しかし、会えば会うほど道に迷い、本当に自分がしたいことがわからなくなってしまったのだ。気づけば20代後半になり、焦りは深まるばかりだった。
「結局私のやりたいことは何なのだろう…」。
そんなことを模索しながら月日はあっという間に過ぎ去り、一年が経とうとしたある日、友人にこんなことを言われたのだ。
「あなたの今までの人生は、本になるほど濃くて面白い。せっかくなら文章を書いてみなよ」と。
しかし、文章など仕事以外で書く機会もなく、行動に移すことはしばらくしなかった。だが、この話が思いもよらぬ、救世主登場で好転していく。
それは当時、焦りから始めたマッチングアプリで出会った男の人とのやり取りから始まるのだ。

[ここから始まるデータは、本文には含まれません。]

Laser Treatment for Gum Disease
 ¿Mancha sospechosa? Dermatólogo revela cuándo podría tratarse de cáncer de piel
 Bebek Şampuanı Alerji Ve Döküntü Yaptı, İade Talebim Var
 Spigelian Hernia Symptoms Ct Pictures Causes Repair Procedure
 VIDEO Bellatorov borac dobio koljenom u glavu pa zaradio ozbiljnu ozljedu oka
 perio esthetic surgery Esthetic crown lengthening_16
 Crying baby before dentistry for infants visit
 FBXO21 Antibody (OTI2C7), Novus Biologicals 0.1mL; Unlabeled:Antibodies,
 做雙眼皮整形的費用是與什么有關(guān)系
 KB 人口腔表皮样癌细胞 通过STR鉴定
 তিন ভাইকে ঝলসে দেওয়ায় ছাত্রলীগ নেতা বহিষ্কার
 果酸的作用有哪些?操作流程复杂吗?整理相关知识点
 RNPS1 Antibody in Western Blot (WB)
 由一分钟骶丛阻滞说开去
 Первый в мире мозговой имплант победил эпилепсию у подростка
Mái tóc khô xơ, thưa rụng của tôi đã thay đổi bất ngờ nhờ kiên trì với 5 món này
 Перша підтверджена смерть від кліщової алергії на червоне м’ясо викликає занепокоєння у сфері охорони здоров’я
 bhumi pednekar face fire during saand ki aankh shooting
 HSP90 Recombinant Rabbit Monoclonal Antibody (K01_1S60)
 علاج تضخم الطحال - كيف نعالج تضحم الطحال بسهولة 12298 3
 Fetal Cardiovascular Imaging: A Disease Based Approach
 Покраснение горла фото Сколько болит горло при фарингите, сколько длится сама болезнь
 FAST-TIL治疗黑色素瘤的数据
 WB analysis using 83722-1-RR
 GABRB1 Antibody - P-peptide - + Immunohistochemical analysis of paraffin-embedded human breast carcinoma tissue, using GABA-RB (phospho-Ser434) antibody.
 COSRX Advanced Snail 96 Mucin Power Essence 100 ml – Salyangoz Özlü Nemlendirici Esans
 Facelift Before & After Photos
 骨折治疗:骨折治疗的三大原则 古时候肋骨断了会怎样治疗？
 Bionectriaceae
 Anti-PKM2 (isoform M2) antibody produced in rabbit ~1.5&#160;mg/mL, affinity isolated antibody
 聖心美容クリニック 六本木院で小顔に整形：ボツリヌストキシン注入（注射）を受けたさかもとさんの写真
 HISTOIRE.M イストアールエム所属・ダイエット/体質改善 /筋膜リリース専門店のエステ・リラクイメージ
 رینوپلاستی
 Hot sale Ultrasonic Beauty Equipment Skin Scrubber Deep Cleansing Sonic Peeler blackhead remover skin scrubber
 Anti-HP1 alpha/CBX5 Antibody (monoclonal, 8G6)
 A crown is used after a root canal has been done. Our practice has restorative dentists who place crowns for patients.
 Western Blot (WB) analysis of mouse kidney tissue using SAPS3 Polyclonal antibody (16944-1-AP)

彼とは初め、たわいもない会話をするだけの関係だったのだが、妙に波長が合う人だった。趣味も考え方もよく似ており、時折共感できることが多く、仲良くなるのに時間は必要なかった。
そんな彼には別の顔があることを後々知ることとなる。それは、いつものようにたわいもないやり取りの中で、彼はおもむろに一つの詩を私に送ってきたのだ。
何とも摩訶不思議で、説明されても私には到底理解が出来ないものだった。しかし、読めば読むほど詩の中に引き込まれていくような感覚にもなったのだ。
すると彼は、「これ、僕が書いたものなんです。少し変わっているかもしれないけど、きっと良さに気づいてくれる人がいると思って、書き続けているんです」と言ったのだ。私は、思わず「私にも文字で誰かの心に寄り添えることはできますか?」と聞いていた。彼は、「書きたいものがあるのなら、伝えたいことがあるのなら君なりの文章で表現するべきです。きっと思いは伝わるはずだから」と答えてくれた。
ずっとしこりのようなものがあった。保育士としての日々ではなく、今自分がやりたいことは何なのか、そして夢を自問自答する日々の繰り返しだった。遠い記憶ではあるが、小さい頃に祖母のパソコンで日記をつけていたのを思い出したのだ。
当時のやるせない感情や誰にも伝えられなかった思いを、画面にただひたすら書き綴っていたあの頃を。彼と出会い詩を読んだ時、自分の進むべき道が明確になり始めたのかもしれない。それから、行動に移すのに時間はかからなかった。心に秘め続けていた思いを文字に起こしていく。自分でも驚くほどに一瞬一瞬の感情に真剣に向き合っている。そして、友人の一言で何かを目指すきっかけになり、マッチングアプリの彼との出会いが、新たな夢を確かなものにしてくれた。
今まで感じたことのない希望とこれから始まる夢への冒険心は、一人でも多くの人に寄り添える文章を書いていきたいという目標へと変わっていくのだ。
いつか、サイン会を開けるほどの有名なエッセイストになるその日まで。私は、新たに掲げた目標を胸に一歩ずつ前進していく。